*** Raw data ***

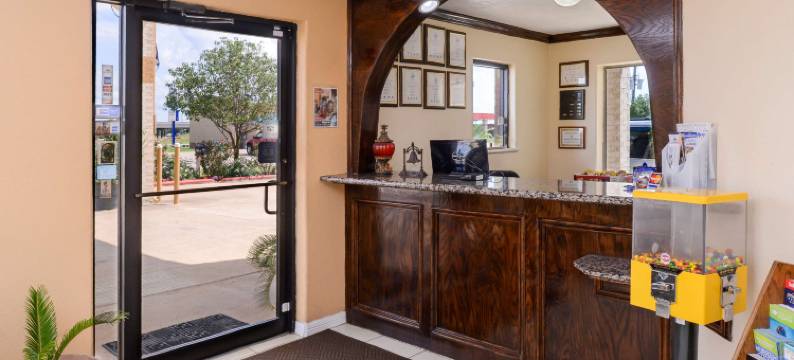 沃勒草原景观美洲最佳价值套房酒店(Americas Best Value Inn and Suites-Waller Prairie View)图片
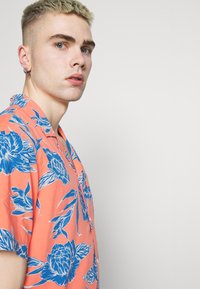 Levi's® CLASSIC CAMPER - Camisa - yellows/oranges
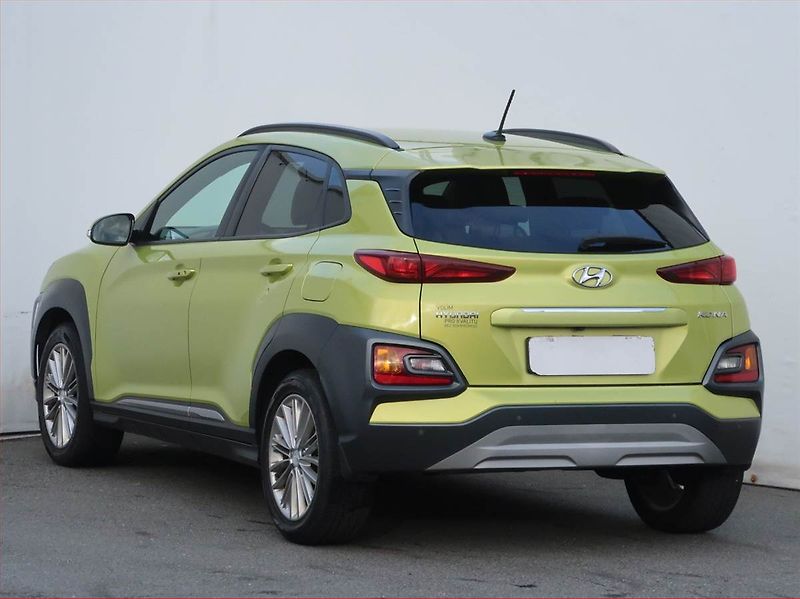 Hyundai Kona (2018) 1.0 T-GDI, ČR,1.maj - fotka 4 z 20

*** End of Raw data ***

> **Activity**:
Print the data exactly as written, dropping any images it holds.

> **Your response**:
 沃勒草原景观美洲最佳价值套房酒店(Americas Best Value Inn and Suites-Waller Prairie View)图片
 Levi's® CLASSIC CAMPER - Camisa - yellows/oranges
 Hyundai Kona (2018) 1.0 T-GDI, ČR,1.maj - fotka 4 z 20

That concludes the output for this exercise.